The book itself emphasises as the heart of its story the desire to praise the activism and resistance to state politics that typified Oukasie into the 1980s. Two elements were distinctive. One was the early spread of national trade unions. This mainly took the form of the Metal and Allied Workers Union (MAWU), a formation that eschewed overt membership in political organisations such as the African National Congress (ANC) and the United Democratic Front (UDF). The latter was a loose federation of localised organisations largely loyal to the exiled ANC. Indeed, for one prominent interviewee the UDF association itself is conspicuously pejorative, a synonym for bad organisation. These unions acquired a strong position in the growing factory population in and around Brits. The other and more unusual presence belonged to a left-wing French priest, Jean-Marie Dumortier and his Young Christian Workers (YCW) movement, part of an interesting, distinctively European Left tradition little known in South Africa. To Forrest what these held in common was organisational structure that stressed democracy from below and an ability to nurture leadership from among honest, committed, community-grounded individuals.
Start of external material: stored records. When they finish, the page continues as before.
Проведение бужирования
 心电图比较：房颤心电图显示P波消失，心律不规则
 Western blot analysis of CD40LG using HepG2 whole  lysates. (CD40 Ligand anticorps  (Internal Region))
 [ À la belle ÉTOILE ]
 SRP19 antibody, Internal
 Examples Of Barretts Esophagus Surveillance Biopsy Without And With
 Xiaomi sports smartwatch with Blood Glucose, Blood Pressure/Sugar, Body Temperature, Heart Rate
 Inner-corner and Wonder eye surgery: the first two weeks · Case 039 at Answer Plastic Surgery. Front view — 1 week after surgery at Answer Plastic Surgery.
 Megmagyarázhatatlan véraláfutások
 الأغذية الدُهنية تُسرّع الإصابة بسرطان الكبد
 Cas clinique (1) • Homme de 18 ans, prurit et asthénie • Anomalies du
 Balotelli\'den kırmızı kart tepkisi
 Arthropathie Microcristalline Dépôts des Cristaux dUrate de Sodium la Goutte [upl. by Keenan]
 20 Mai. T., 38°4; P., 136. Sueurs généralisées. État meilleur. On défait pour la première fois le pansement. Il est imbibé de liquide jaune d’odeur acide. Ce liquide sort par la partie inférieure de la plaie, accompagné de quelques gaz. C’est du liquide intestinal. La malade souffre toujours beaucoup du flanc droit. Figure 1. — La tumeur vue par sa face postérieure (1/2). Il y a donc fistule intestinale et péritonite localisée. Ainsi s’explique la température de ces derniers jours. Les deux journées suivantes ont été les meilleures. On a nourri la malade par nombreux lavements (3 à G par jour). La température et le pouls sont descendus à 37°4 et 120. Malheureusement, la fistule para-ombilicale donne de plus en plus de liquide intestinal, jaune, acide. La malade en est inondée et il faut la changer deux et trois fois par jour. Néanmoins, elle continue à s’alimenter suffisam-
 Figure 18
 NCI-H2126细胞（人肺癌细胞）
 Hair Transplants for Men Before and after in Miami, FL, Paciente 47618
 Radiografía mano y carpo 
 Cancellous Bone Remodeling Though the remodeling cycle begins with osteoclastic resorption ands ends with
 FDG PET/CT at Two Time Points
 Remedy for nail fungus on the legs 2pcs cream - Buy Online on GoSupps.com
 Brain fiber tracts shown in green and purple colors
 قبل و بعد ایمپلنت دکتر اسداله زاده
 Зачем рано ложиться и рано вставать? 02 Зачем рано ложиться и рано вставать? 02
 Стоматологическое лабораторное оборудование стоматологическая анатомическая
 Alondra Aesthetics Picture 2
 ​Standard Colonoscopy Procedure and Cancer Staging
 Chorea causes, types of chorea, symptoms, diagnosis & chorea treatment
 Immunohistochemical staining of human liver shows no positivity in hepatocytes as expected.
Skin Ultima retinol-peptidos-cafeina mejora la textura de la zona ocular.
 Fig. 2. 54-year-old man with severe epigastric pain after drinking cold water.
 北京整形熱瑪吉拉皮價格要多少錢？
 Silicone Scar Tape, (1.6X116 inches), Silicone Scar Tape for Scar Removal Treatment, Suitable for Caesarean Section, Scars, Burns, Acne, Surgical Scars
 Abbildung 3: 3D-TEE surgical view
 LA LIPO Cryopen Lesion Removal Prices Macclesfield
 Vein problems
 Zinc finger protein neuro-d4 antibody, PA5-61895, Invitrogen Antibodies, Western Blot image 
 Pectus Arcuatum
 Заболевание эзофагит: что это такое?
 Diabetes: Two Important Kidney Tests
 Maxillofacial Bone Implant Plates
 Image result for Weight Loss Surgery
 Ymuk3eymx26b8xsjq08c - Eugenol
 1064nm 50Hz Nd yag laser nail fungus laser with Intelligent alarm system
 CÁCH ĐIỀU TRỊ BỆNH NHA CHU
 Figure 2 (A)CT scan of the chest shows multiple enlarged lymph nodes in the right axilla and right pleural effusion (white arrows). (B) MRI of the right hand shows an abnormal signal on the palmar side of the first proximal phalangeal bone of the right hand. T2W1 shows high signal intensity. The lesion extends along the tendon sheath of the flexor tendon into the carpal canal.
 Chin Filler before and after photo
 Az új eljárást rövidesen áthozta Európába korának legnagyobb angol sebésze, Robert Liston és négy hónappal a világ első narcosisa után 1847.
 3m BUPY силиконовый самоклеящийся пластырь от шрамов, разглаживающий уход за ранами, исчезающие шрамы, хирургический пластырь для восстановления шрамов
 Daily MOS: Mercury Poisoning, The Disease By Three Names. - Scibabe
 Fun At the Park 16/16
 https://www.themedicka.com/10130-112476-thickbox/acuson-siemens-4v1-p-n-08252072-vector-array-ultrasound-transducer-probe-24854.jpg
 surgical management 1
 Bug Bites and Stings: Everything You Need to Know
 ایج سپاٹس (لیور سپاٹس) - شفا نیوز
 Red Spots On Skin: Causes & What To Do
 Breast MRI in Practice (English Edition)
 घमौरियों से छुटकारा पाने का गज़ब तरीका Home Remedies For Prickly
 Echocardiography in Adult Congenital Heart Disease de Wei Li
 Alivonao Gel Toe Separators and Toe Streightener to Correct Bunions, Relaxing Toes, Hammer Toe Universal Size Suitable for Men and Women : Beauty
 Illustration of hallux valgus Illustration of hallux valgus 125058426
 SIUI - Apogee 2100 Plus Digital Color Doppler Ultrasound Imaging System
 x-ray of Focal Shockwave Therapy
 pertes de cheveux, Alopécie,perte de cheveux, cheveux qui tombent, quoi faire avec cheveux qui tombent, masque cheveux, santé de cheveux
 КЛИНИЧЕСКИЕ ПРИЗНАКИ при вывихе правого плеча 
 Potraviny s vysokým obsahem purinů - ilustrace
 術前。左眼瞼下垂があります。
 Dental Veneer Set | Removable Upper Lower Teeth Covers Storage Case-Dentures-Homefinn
Dumortier has written his own memoirs in French elsewhere: Pour ne pas oublier: prêtre en Afrique du Sud. If the YCW is an unusual actor on the scene, overall this book is part of a broader set of memoirs and histories such as Jan Theron’s Solidarity Road or Glenn Moss’ The New Radicals which look back from a tangled and besmirched present at an apparently purer stream of people’s democracy and honest dealing which has gotten totally lost. Voices in this stream are often withering about today’s ANC or the Congress of South African Trade Unions (COSATU), the state-aligned workers’ confederation.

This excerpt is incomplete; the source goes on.